Çizgi roman karakterlerin en popüler süper kahramanı Superman ilk kez halkla DC Comics dergisinde (1938) buluştu. Animasyon filmi sinemada (1941) gösterime girdikten sonra ilk uzun metraj Superman (1951) bağımsız Lippert Şirketi tarafından gerçekleştirildi.

Amerikan toplumunun yaşamında Superman, 87 yıldır en ikonik kahramandır. Richard Donner, Christopher Reeve ve Marlon Brando’yla Superman’i (1978) çekti. Reeve, en iyi Superman karakteriyle, Marlon Brando da kısacık rolünden aldığı astronomik ücretle sinema tarihine geçti. Çok sayıda devam filmleri yapıldı.

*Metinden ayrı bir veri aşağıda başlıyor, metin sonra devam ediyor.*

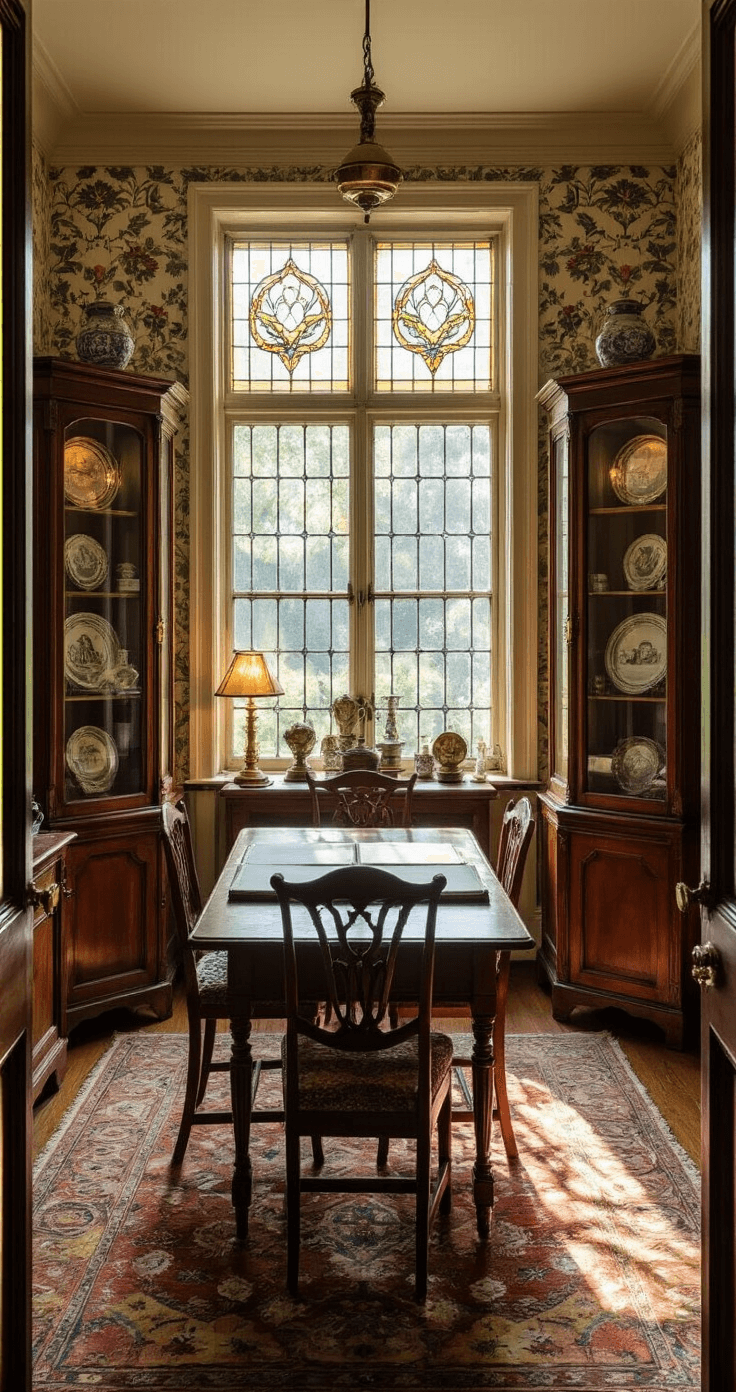 A vintage-inspired design nook featuring antique display cases filled with family heirlooms, adorned with William Morris patterned wallpaper. Warm brass picture lights illuminate the space, while golden hour light filters through leaded glass windows. A mahogany consultation table is accompanied by detailed period chairs, all arranged symmetrically to highlight the timeless elegance of the room.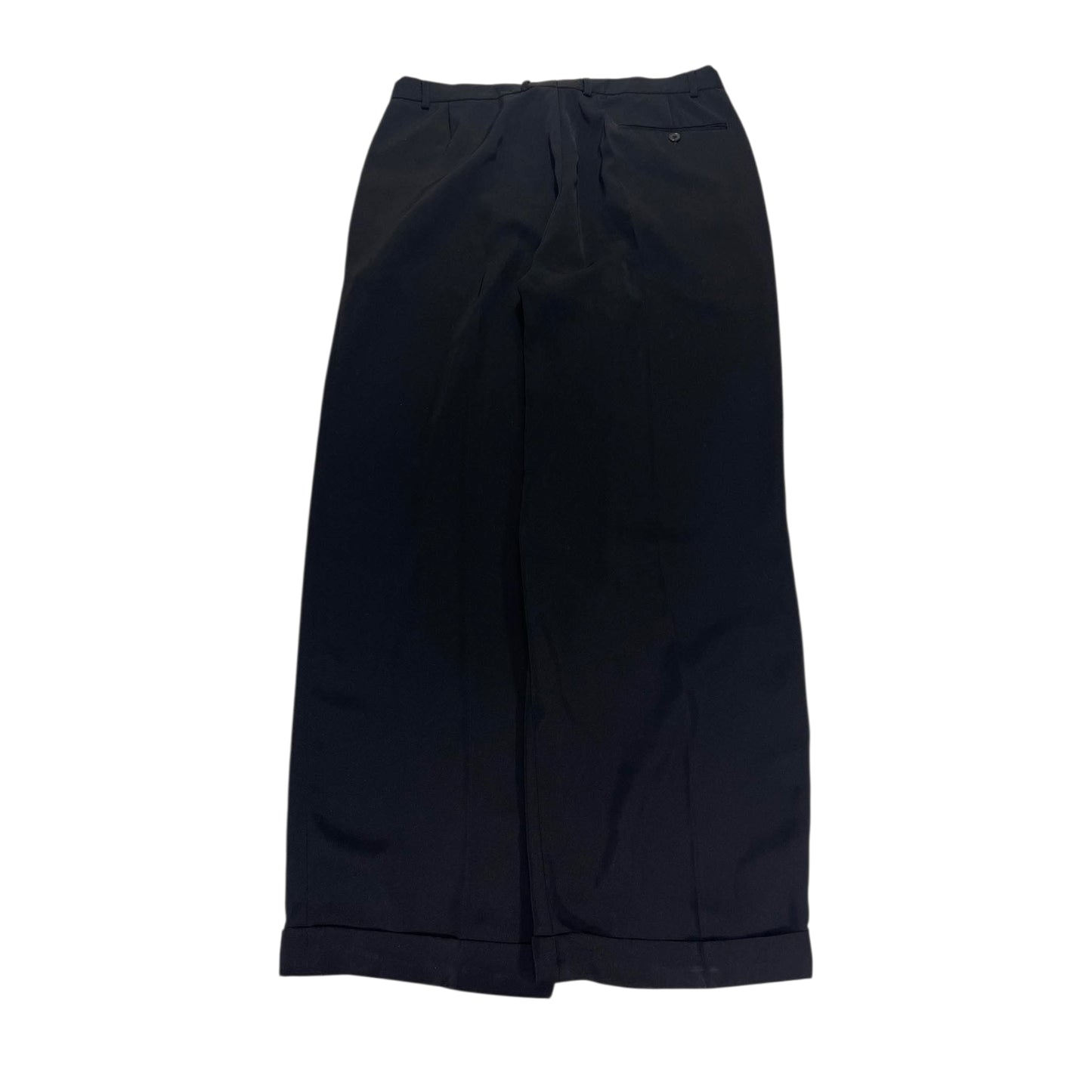CHISEL BLACK WIDE LEG TROUSERS (34)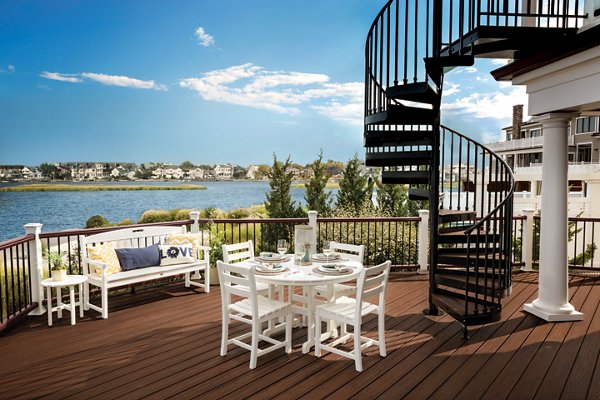  Deck with winding spiral staircase on the water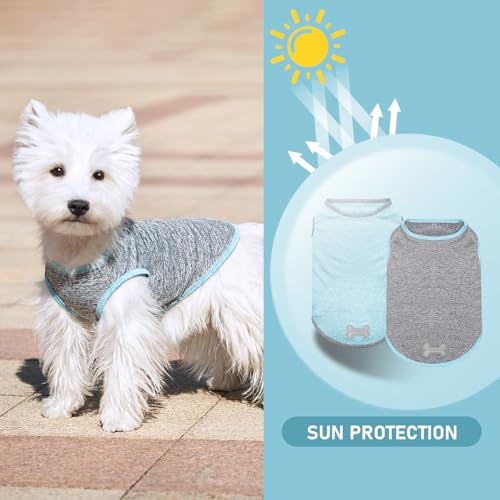 2Pack Dog Shirt for Small Dogs Sun Protection Tank Top for Summer (X-Large (18-30lbs) / 7# 2Pack (Grey+Sky Blue))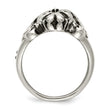 Stainless Steel Antiqued and Polished w/Black & White Crystal Jesus Ring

DC Comics’in tüm mitolojisini kucaklamak isteyen yönetmen James Gunn, yeni versiyona (2025) güncel boyut katarak karakterin kökenlerine uzandı, aksiyon, komedi, dram türünü ustalıkla harmanlayarak Superman/ Clark Kent’in özüne ulaşıp hümanist yönünü ortaya çıkardı. Karşımızda güncel sorunlarla boğuşan, ayakları yere basan, duygusal, iyilik dolu bir Superman var.
Çağımızın sığınmacılık, teknoloji milyarderleri, derin devlet, sosyal medya bağımlılığı gibi sorunlarını eleştiren Gunn eski, yeni karakterleri bir araya getirmiş: Kötü adam Lex Luthor, gazeteci Lois Lane, Ultraman, Engineer, Metamorpho, Adalet Birliği, uçan köpek Krypto. Teknoloji milyarderi Luthor ikili oynar, Amerikan hükümetiyle çok yakındır, aynı zamanda totaliter Boravia devletine gizlice silah satar.

POLİTİK BİR MASAL
Halkın çok sevdiği Superman, Luthor’un entrikalarıyla bir numaralı düşman ilan edilir, adaleti sağlamak için diğer süper kahramanlar devreye girer. “En büyük gücüm insan olmaktır” diyen kahraman koruyucu, kurtarıcı iyimserliğiyle, hümanizmiyle teknokratların manipülasyonlarını, hükümetin komplolarını savar. Superman aslında Krypton gezegeninden dünyaya sığınmış bir göçmendir. Yabancı düşmanlığını vurgulayan Gunn’ın filmi politik bir masaldır, göçmenlerin kurduğu ABD’nin tarihidir, günümüzde ne yazık ki yitirilen iyiliğin, dayanışmanın gerçek değerini anlatır. İmha etmenin, öldürmenin etik olmadığını gösteren, “Herkes için bir film çektim” diyen James Gunn’ın Superman’inde David Corenswet, Rachel Brosnahan, Nicholas Hoult oynuyor. Corenswet hümanist kahramanda çok başarılı. Mekân tasarımları (Yalnızlık Kalesi bölümü) özel efektler, müzik etkileyici. Her şeye karşın etik değerlerimizi yitirmemeliyiz mesajı dikkat çekiyor.

SEVGİNİN GÜCÜYLE YAŞAMAK
Bir zamanlar büyük bir ormanda yoksul bir oduncuyla fakir karısı yaşarmış. Soğuk, açlık, yalnızlık, çocuksuzluk, 2. Dünya Savaşı’na rağmen fakir çift ormandan ayrılmaz. Fakir kadın ormanda yiyecek için Tanrı’ya yalvarırken geçen yük treninden ona doğru bir bebek atılır. Bu bebek yoksul çiftin tüm yaşamını değiştirir. The Artist’le Oscar alan Michel Hazanavicius En Değerli Hediye’de soykırım dehşetini anlatır.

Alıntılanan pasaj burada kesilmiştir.